Mais il ne serait que l'exploitant de Recyval, son propriétaire étant la Fondation Auto Recycling Suisse (FARS), créée à cet effet en 1992 par des milieux professionnels, notamment les importateurs. Peu d'acheteurs de voitures neuves le savent, mais une taxe de 30 francs est prélevée sur chaque véhicule en prévision de son élimination future. Au fil des ans, la FARS a accumulé une fortune de 85 millions de francs.
«Il faut une installation en Suisse pour éliminer les RBA, dit son directeur, Daniel Christen, et nous avons la meilleure technologie.» Actuellement, les trois quarts de ces déchets sont exportés, notamment en Allemagne, où ils finissent souvent dans des décharges, au prix de 70 à 90 francs la tonne. Le reste est incinéré dans des usines de traitement des ordures ménagères, souvent surchargées et pas conçues pour ce travail.
Une technologie exportable
Recyval produirait des déchets inertes, mais au prix fort: autour de 300 francs la tonne. Un tarif trop élevé dû à sa position de monopole? La Commission de la concurrence se tait sur les motifs de son opposition. Quant à Daniel Christen, il affirme que la FARS «n'a aucun intérêt à ce que ce soit trop cher» et rappelle que deux expertises indépendantes ont validé la qualité du procédé retenu. Si la Confédération devait modifier en profondeur les conditions d'exploitation, «le projet pourrait devenir trop risqué financièrement, auquel cas nous ne construirions pas l'usine», ajoute-t-il.
Directeur général de Métraux Services, Olivier Métraux affirme que sa société peut très bien vivre sans cette diversification «subsidiaire», qui augmenterait son chiffre d'affaires de 10% environ dans un premier temps. «L'avenir du groupe n'a jamais dépendu et ne dépendra jamais de l'usine de Monthey», souligne-t-il. Cela dit, Olivier Métraux ne cache pas que, en cas de réussite, la technologie Recyval pourrait s'exporter à l'étranger, où les procédés pour neutraliser les RBA restent balbutiants alors que les législations nationales les exigent de plus en plus, comme en Allemagne dès cette année. «Recyval représente un certain risque industriel, continue Olivier Métraux, et il est normal que celui-ci soit inclus dans le calcul de rentabilité.»
Qui d'autre peut être intéressé à se profiler sur ce marché?
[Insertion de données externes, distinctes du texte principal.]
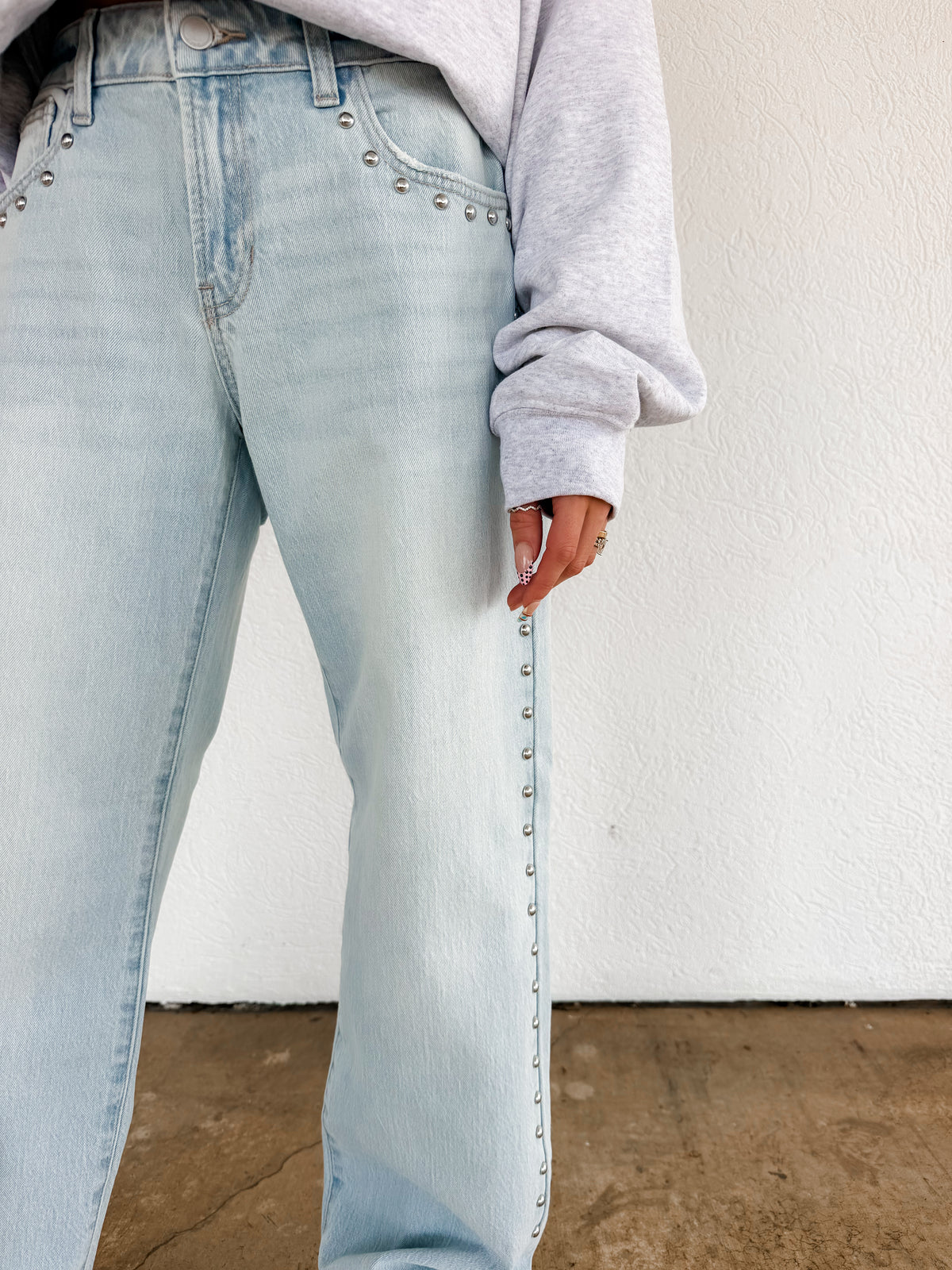 Studded Denim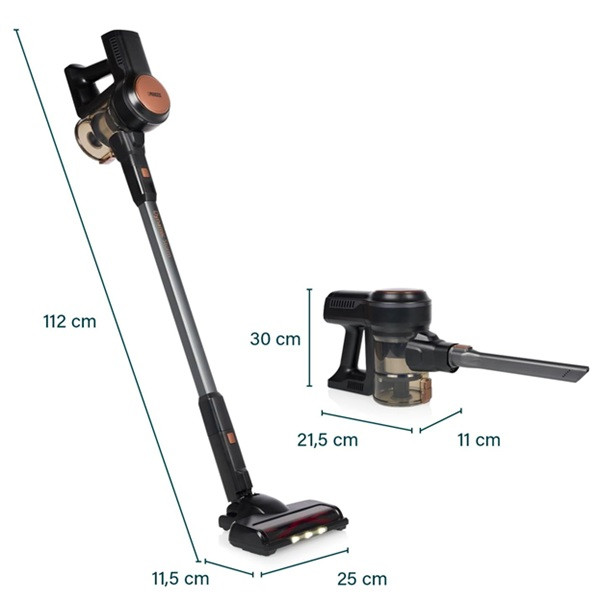 Aspirador Princess 339390 preto M 6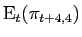 $ \mathrm{E}_{t}(\pi_{t+4,4})$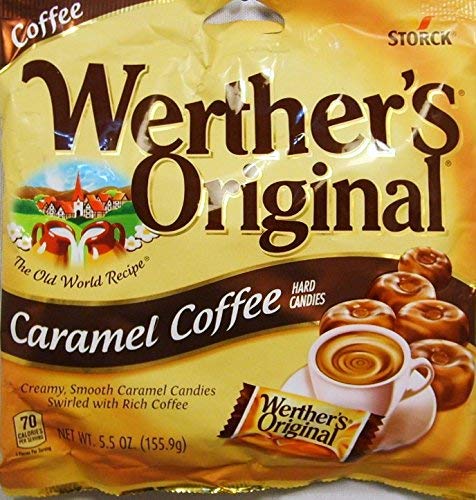 Werther's Original Caramel Coffee Hard Candies 70 Calories per Serving (5.5 Ounce, 3-Pack)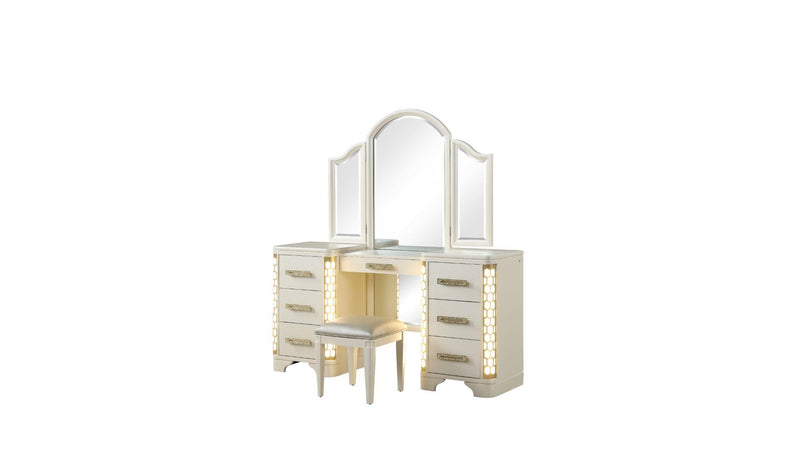 Jasmine Vanity Set Beige - Jasmine Vanity Set Beige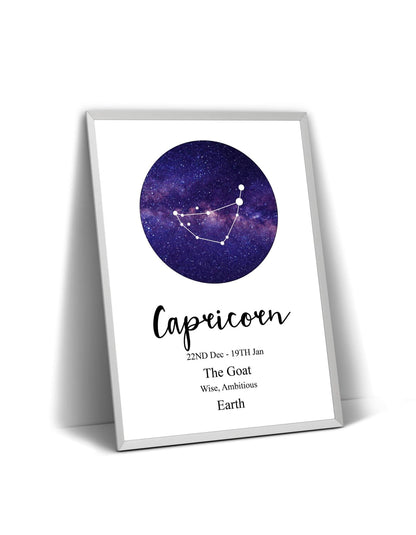 Capricorn Zodiac Print - Magic Posters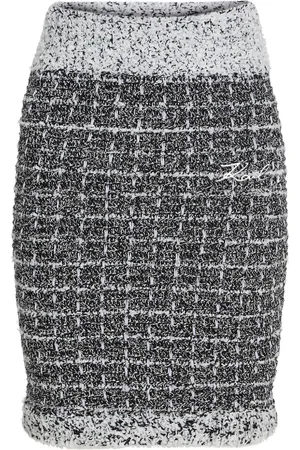 Karl Lagerfeld Bouclé pencil skirt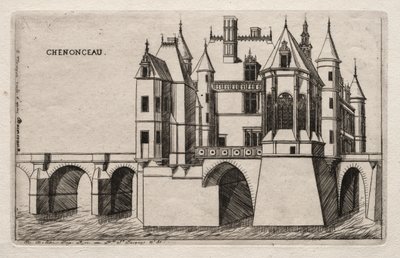 Chateau de Chenonceau, 1856. av Charles Meryon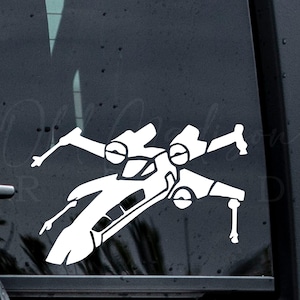 Rebel Alliance with X Wing Fighters Decal, Rebel Alliance Decal, Star Wars Decal, Star Wars Car Decal, Rebel Alliance Sticker, Star Wars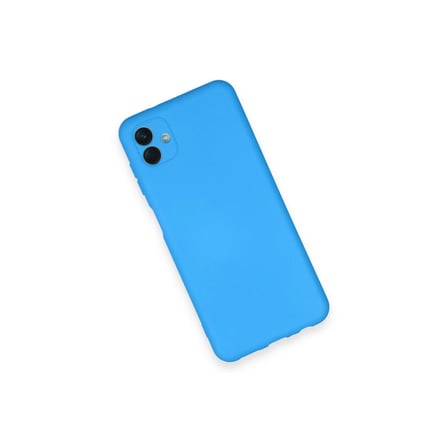 Samsung Galaxy A04 Kılıf Nano İçi Kadife Silikon - Mavi iegxx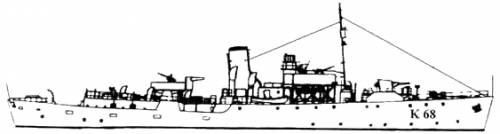 HMS Jonquil K-68 (Flower Class Corvette)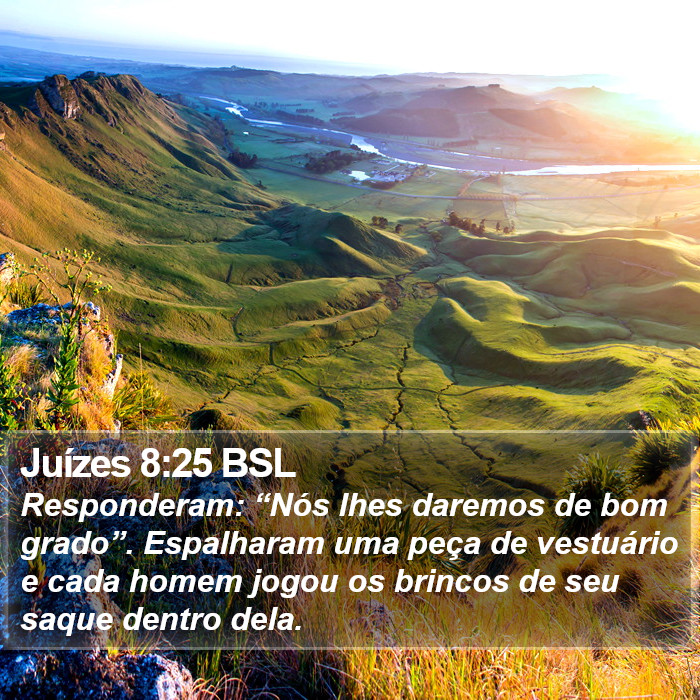 Juízes 8:25 BSL Bible Study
La société bernoise Citron, créée en 1996, a construit au Havre une usine spécialisée dans le traitement des métaux lourds par oxydation sélective. La mise en service de Monthey la priverait de 10 000 tonnes de déchets, et elle a elle-même un projet similaire en Allemagne.
Une chose est sûre: la Suisse ne produit pas assez de RBA pour alimenter deux usines sur son sol, et la loi impose des critères précis pour leur élimination. Reste à savoir si les conditions du monopole sont trop généreuses et si, en les durcissant, le Conseil fédéral ne va pas faire fuir Recyval au profit d'un concurrent en embuscade. Délicate question politico-économique à laquelle le département de Moritz Leuenberger devra vite répondre.